# [Provided data]
=-=-=
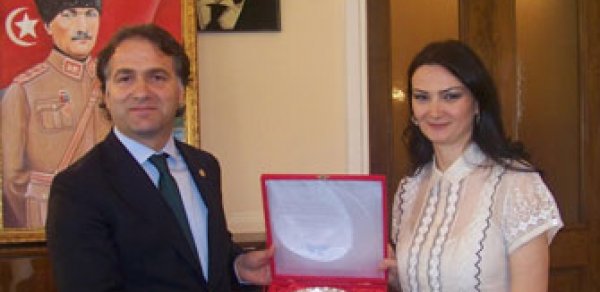 Qənirə Paşayeva təltif edildi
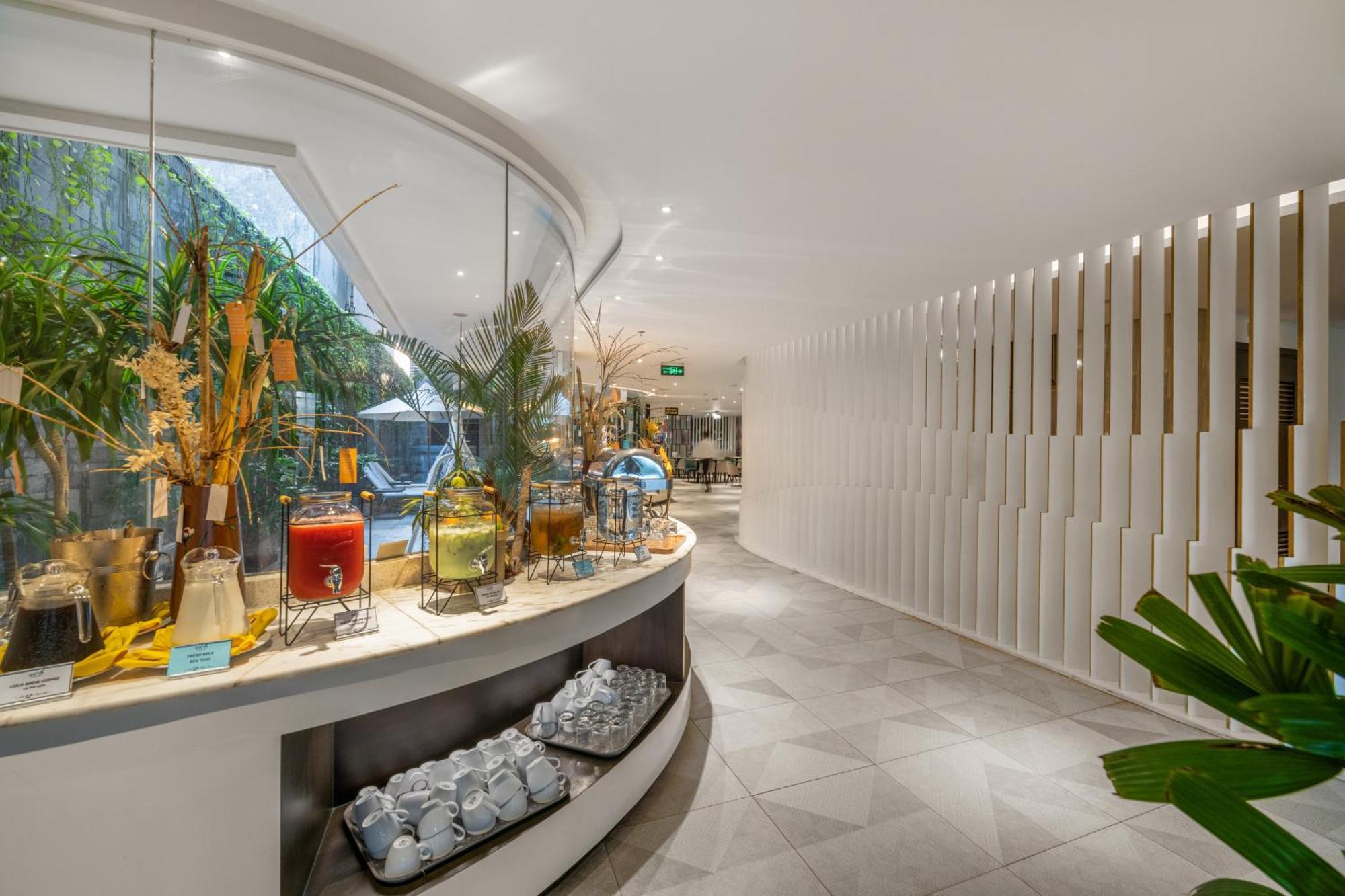 Satya Da Nang Hotel Han Market Екстериор снимка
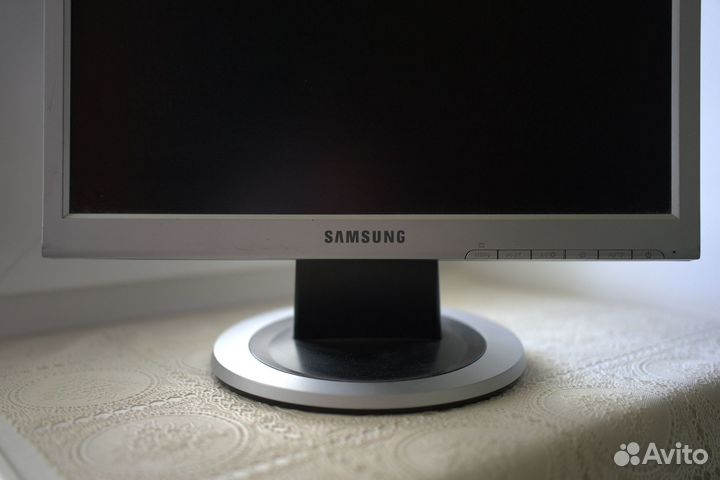 Монитор Samsung SyncMaster 710N, 1280x1024, 75 Гц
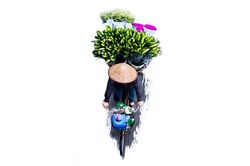 Đừng đẩy người nghèo ra xa
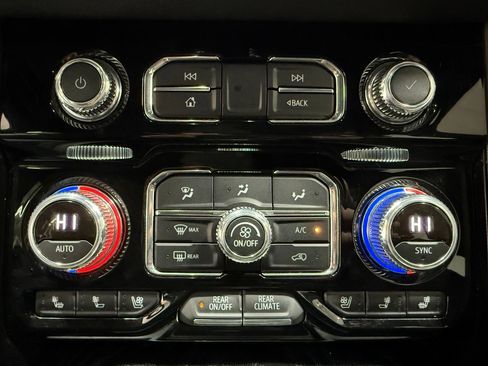 Used 2022 GMC Yukon XL Denali image 16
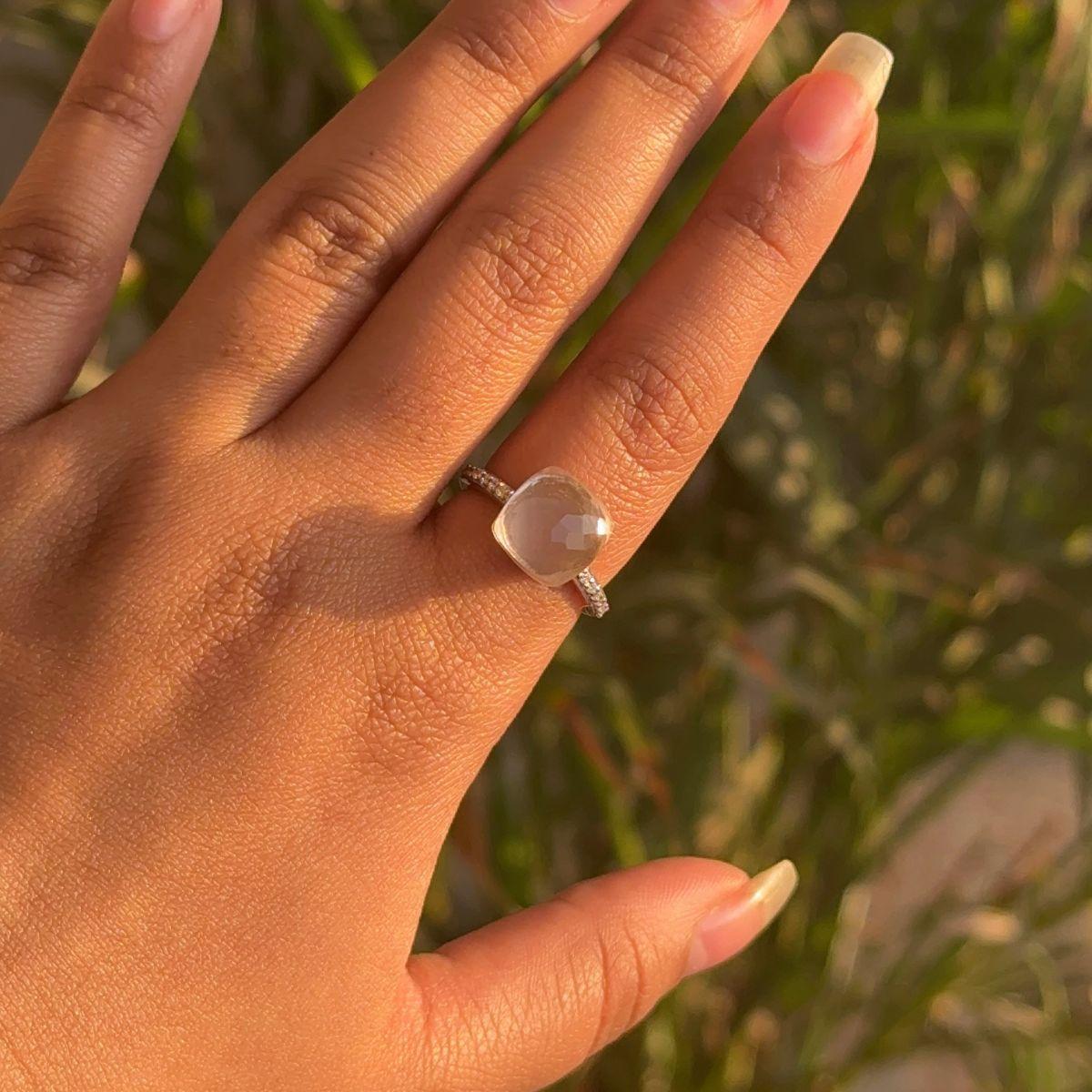 in vendita:  Anello con quarzo rosa tagliato a cuscino e zirconi Single Stone per la mamma in argento 925 8
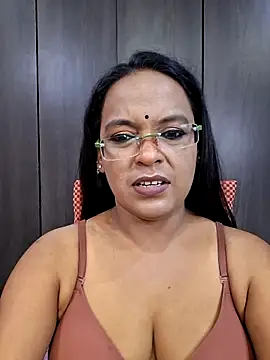 Snapshot of hornyrosy321 chatting on 26, 5, 2026 hornyrosy321 online show from 26, 5, 2026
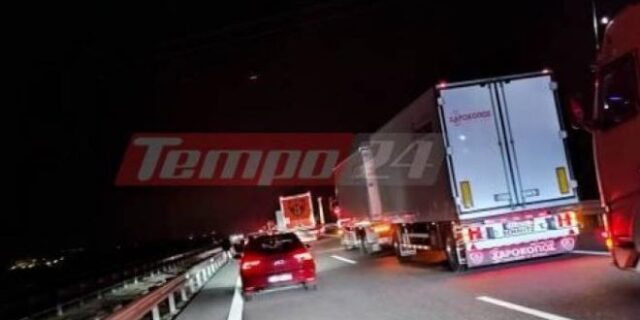 Κλειστή η Νέα Εθνική οδός Κορίνθου-Πατρών – Ρομά έστησαν οδοφράγματα
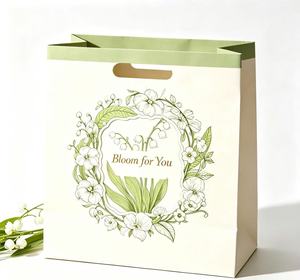 Sac en papier imprimé avec logo en feuille d'aluminium, design créatif, bouquet de fleurs, pour parfum/cosmétiques/cadeaux quotidiens - Product Image 1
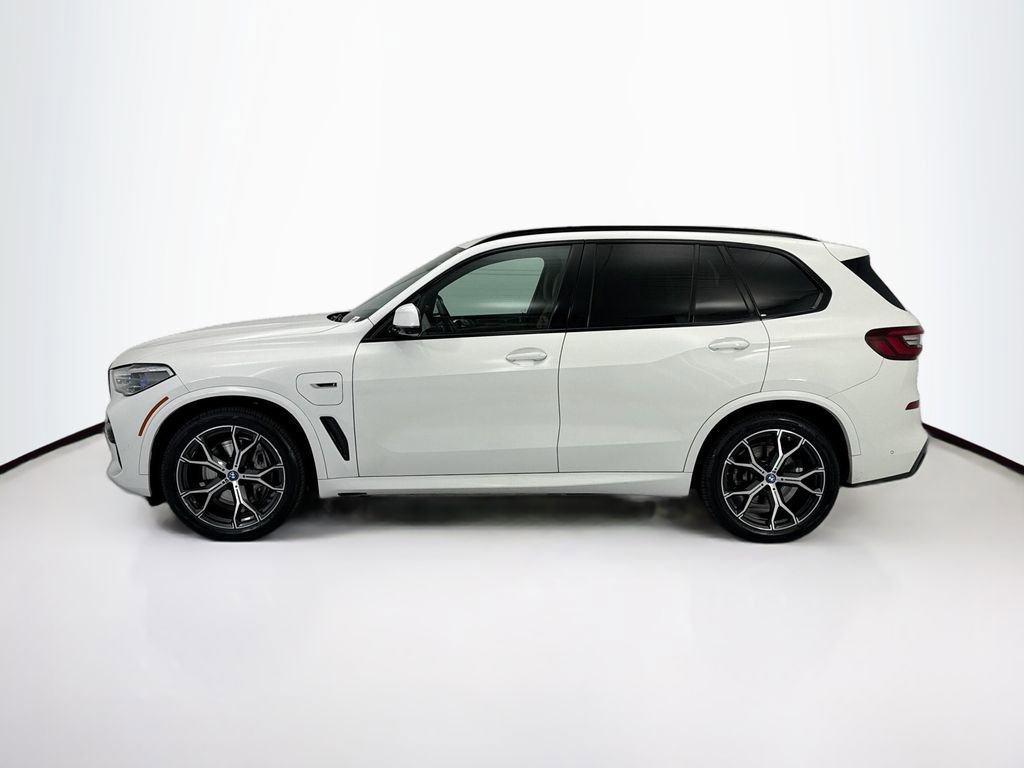 Certified 2023 BMW X5 xDrive45e w/ Executive Package AWD/4WD image 8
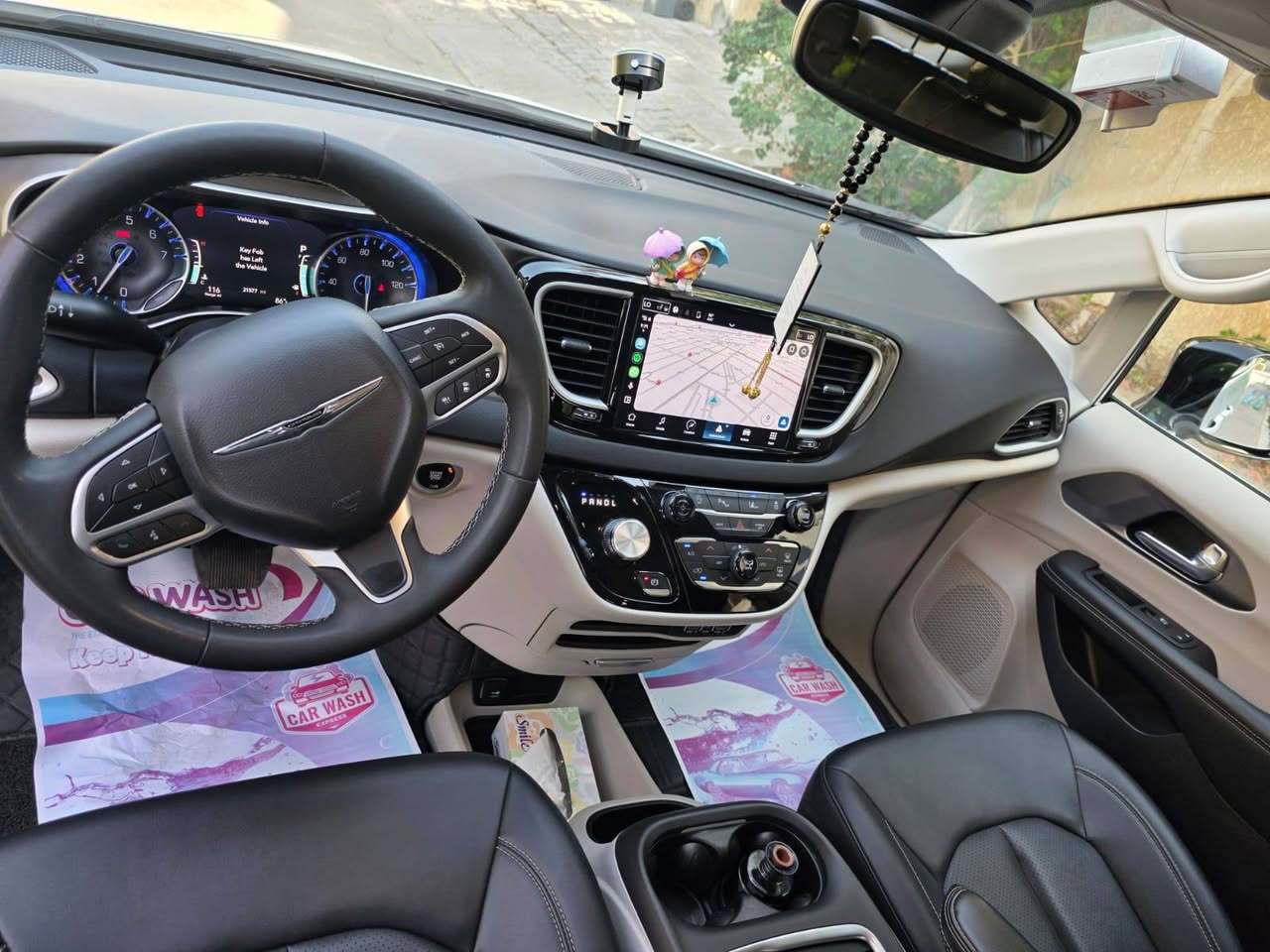 🚨 للبيع | كرايسلر باسفيكا 2024 🔥
📍 الموقع: بغداد -الاعظميه 
✨ المواصفات:
🔹 تشغيل بصمة + تشغيل عن بعد
🔹 كشنات كهرباء 
🔹 بيبان كهرباء + الجنطة كهرباء
🔹 شاشة + كاميرا خلفية
🔹 إنارة LED أمامية + بك لايت LED
🔹 داخل جلد فخم
🔹 رادار أمامي + نظام تحديد المسار
✅ الضرر موضح بالصور  بدون ايرباك 
 حادث دعاميه وخشم الجاملغ فقط
 المحرك سليم بالكامل
📏 ماشية: /21 ألف 

💰 السعر: 265 ورقة 🔥🔥

📞 للاستفسار: 
***********
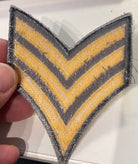 A matching pair of US Army Sergeants Stripes - in unissued condition - - - - B38 - The Militaria Shop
=-=-=
# [Your assignment]
Without the pictures, give back the entries exactly.

# [Result of this task]
 Qənirə Paşayeva təltif edildi
 Satya Da Nang Hotel Han Market Екстериор снимка
 Монитор Samsung SyncMaster 710N, 1280x1024, 75 Гц
 Đừng đẩy người nghèo ra xa
 Used 2022 GMC Yukon XL Denali image 16
 in vendita:  Anello con quarzo rosa tagliato a cuscino e zirconi Single Stone per la mamma in argento 925 8
 Snapshot of hornyrosy321 chatting on 26, 5, 2026 hornyrosy321 online show from 26, 5, 2026
 Κλειστή η Νέα Εθνική οδός Κορίνθου-Πατρών – Ρομά έστησαν οδοφράγματα
 Sac en papier imprimé avec logo en feuille d'aluminium, design créatif, bouquet de fleurs, pour parfum/cosmétiques/cadeaux quotidiens - Product Image 1
 Certified 2023 BMW X5 xDrive45e w/ Executive Package AWD/4WD image 8
 🚨 للبيع | كرايسلر باسفيكا 2024 🔥
📍 الموقع: بغداد -الاعظميه 
✨ المواصفات:
🔹 تشغيل بصمة + تشغيل عن بعد
🔹 كشنات كهرباء 
🔹 بيبان كهرباء + الجنطة كهرباء
🔹 شاشة + كاميرا خلفية
🔹 إنارة LED أمامية + بك لايت LED
🔹 داخل جلد فخم
🔹 رادار أمامي + نظام تحديد المسار
✅ الضرر موضح بالصور  بدون ايرباك 
 حادث دعاميه وخشم الجاملغ فقط
 المحرك سليم بالكامل
📏 ماشية: /21 ألف 

💰 السعر: 265 ورقة 🔥🔥

📞 للاستفسار: 
***********
 A matching pair of US Army Sergeants Stripes - in unissued condition - - - - B38 - The Militaria Shop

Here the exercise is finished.